(Data items)

====================

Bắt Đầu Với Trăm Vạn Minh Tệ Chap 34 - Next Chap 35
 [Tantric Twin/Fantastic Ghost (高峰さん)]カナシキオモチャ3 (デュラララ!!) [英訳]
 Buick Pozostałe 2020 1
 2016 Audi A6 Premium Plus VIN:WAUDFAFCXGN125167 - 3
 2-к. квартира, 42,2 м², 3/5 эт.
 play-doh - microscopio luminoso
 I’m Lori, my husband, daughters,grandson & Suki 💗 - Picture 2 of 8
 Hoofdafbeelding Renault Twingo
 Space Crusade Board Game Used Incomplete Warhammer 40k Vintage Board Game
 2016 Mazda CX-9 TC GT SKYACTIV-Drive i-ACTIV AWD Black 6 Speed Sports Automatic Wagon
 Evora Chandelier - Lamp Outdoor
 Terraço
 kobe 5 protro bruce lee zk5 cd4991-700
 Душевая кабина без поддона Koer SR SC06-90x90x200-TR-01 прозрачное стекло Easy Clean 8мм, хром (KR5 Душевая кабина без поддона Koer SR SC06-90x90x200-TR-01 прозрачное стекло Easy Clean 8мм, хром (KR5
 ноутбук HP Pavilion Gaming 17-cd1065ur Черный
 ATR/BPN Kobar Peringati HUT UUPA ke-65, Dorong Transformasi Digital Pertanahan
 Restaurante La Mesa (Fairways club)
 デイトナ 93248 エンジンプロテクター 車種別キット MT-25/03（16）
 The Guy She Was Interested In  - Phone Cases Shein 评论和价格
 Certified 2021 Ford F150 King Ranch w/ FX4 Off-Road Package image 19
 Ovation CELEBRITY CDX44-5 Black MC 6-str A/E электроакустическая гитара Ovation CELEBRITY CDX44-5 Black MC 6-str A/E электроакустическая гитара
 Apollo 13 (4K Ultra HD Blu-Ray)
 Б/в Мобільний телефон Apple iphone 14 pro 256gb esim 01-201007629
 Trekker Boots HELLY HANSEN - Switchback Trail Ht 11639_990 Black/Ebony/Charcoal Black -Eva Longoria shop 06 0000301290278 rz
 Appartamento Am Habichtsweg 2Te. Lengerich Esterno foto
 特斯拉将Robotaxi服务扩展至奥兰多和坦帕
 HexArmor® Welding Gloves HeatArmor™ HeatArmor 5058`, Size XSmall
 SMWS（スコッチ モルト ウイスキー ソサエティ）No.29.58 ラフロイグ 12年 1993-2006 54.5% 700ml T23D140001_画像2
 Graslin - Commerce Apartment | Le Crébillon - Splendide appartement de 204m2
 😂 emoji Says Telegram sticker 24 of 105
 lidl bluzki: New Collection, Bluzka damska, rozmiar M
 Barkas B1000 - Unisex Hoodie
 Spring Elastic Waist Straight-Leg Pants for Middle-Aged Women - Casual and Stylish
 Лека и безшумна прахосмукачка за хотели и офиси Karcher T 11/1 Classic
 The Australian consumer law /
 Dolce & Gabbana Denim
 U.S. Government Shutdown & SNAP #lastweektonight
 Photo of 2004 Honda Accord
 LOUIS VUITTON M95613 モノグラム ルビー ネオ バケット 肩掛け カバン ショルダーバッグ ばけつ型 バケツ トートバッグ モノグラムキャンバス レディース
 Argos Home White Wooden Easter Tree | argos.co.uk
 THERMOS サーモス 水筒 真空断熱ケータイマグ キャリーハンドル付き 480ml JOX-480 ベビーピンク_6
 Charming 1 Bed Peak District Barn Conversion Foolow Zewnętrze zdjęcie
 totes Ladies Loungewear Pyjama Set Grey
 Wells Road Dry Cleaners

====================

▶ [Required action]:
Out of the entries, report each line that contains the word "Road".

▶ [Answer for the task]:
 Certified 2021 Ford F150 King Ranch w/ FX4 Off-Road Package image 19
 Wells Road Dry Cleaners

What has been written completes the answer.